To be fair, the Lakers also brought in another subpar defender in Schröder this offseason, but his struggles on that end have been mostly waved away in favor of his offensive impact. The reason for that is Schröder is replacing a player who didn’t have a huge defensive responsibility in Rajon Rondo, and the qualities he provides as a scorer and playmaker surpass the median output expected from Rondo.
Harrell, on the other hand, is taking Howard’s role in the rotation, and all Howard did was rebound, dunk the ball, and protect the paint. Harrell can only do one of those things at an above-average level, leaving a hole that the Lakers will have to fill some other way. Harrell obviously provides offensive dynamism that Howard is lacking at this point in his career, but it’s unclear how that scoring skill will complement what the Lakers already have, whereas the impact of a defensive center was already proven.
It’s also become impossible to think about Harrell’s fit with the Lakers without comparing him to Serge Ibaka, who replaced him on his former team at the same contract. Ibaka would have made total stylistic sense on the Lakers, an all-in-one combo of the best attributes of Howard and Markieff Morris. Harrell is a question mark, but also the upside play. He has been more productive in the regular season, and he is younger, so there is room to grow.
The Lakers don’t know yet if Harrell will amplify the strengths of the 2019-20 Lakers, or if he will be an awkward addition to a carefully-crafted ecosystem.
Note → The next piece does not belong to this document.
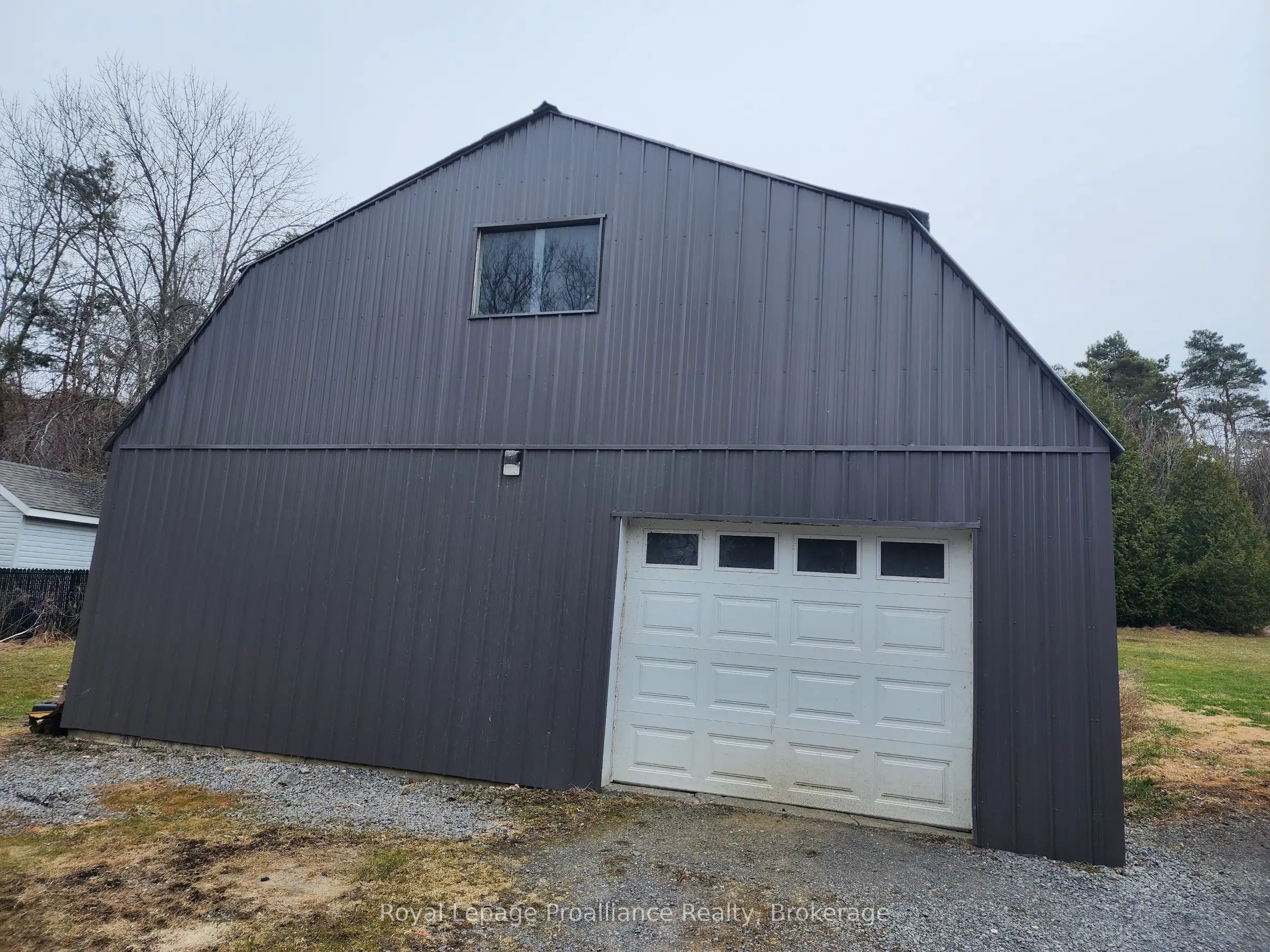 2307 County Rd 3 Property Photo 3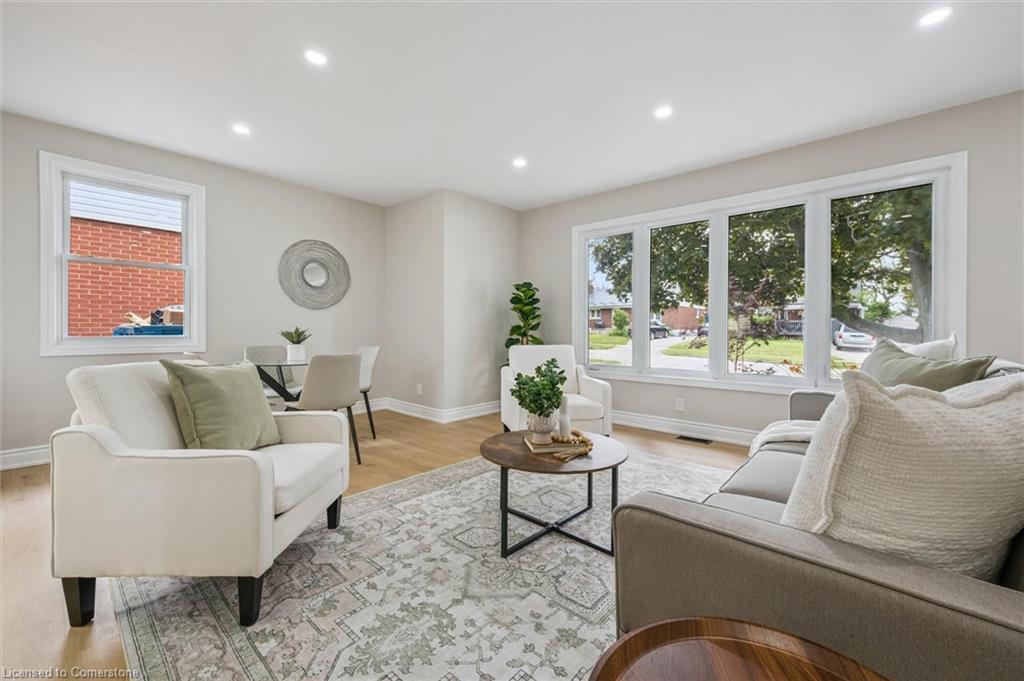 56 Dover Street, Waterloo, ON - Indoor Photo Showing Living Room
They’re betting that the sum total of his prodigious scoring and his athleticism will result in a player who wears opponents down, who forces defenses to shift their attention from James and Davis, and who can move past his horrific bubble performance to show that he is someone the Lakers can count on in the postseason.
This offseason hasn’t been kind to Montrezl Harrell. He knows that he has been tagged as a player who can be schemed out of a playoff series and whose offensive production represents empty calories in the grand scheme of winning a game. The Clippers gave up on him. His free-agency market cratered. That means Harrell has something to prove.
Maybe he doesn’t block shots like Howard or bomb threes like Morris, but he arrives at the Lakers at an inflection point in his career, just like so many of the players the Lakers added last summer. That edge, that willingness to show that he is not what other teams have labeled him to be — that at least fits into this team’s identity. In making this signing, the Lakers have determined that as long as Harrell has that mindset, everything else will figure itself out.